Through the CPRL Education Practicum, Stern MBA students have the opportunity to work with a consortium of business, policy, education, and law students from top tier upper-level graduate programs. This is an intensive, full-semester seminar and practicum in the theory and methods of managing, governing, and transforming public- and social-sector organizations in P-12 education. Hosted at Columbia, this experiential learning offering is structured with three components: A Seminar in the design, governance, transformation and democratic accountability of public sector organizations; Professional Skills Training in the competencies required for success as managers and leaders of modern public- and social- sector organizations; and a high-priority, professionally guided Consulting Project where students support education organizations in thinking through challenging issues and provide actionable solutions. James S. Liebman, Columbia Law professor and former senior official at the New York City Department of Education leads the course and conducts its academic seminar. More information can be found at:

Stern Signature Projects
Faculty: TBD
Date/Time: TBD
To apply, see Office of Student Engagement

Stern Signature Projects (SSP) is an experiential platform that provides unique applied learning opportunities which align Stern MBAs with leading faculty and research centers with the NYU network to tackle complex questions and leverage system-level thinking to help solve some of the greatest challenges of the 21st century. Anyone can read business concepts in a textbook, but through SSP our students have the chance to tackle those issues in real time.

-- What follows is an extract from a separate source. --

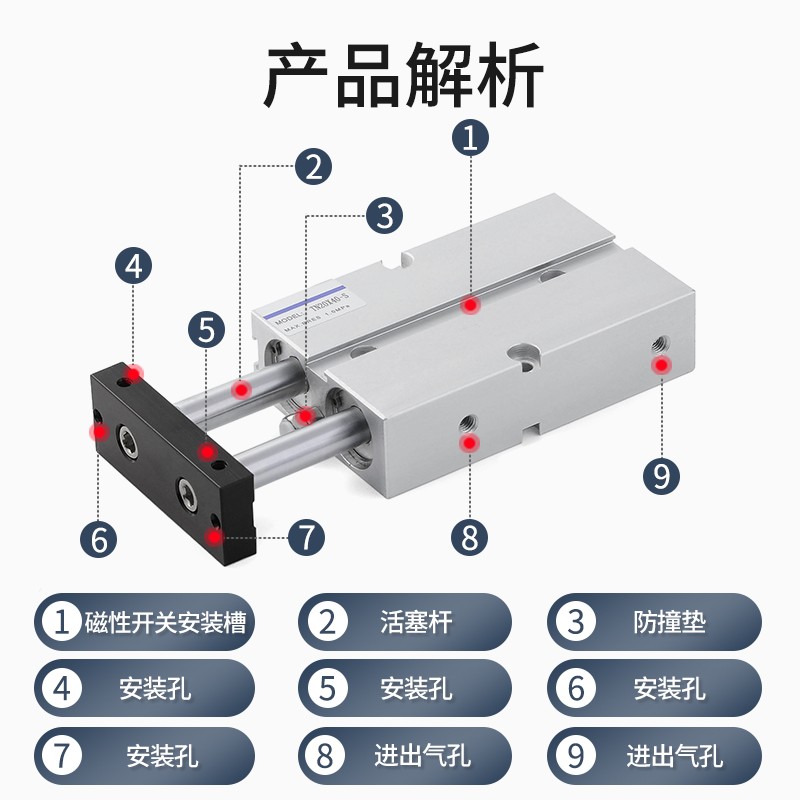 气动小型双轴气缸TN10/16/20/25/32X10X15X20X25X30X40X50X100-S - 图0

Information, Operations, and Management Sciences

OPS in ENT: Las Vegas
OPMG-GB.2313.0A (3.0 Credits)
Prof. Harry Chernoff
Trip and Pre-/Post-trip meetings (see syllabus)
See syllabus for application

When we think of entertainment, perhaps the most popular location that comes to mind is Las Vegas. Behind the glitter and excitement in Las Vegas are industries dedicated to supplying entertainment to customers. Operations addresses the supply side of business, including how products are produced and how services are supplied. This course goes behind the scenes in Las Vegas to observe and analyze the operations involved in performing this supply function. It presents an opportunity to observe and study the entertainment industry including strategy formation and decision-making that are quite unique. The underlying driver is certainly gaming, but the industries surrounding the various forms of gambling have become major profit centers separate from the millions made on the casino floors. During a one-week visit to Las Vegas, students will observe and study some of the major operating industries that comprise the broad scope of entertainment in this city.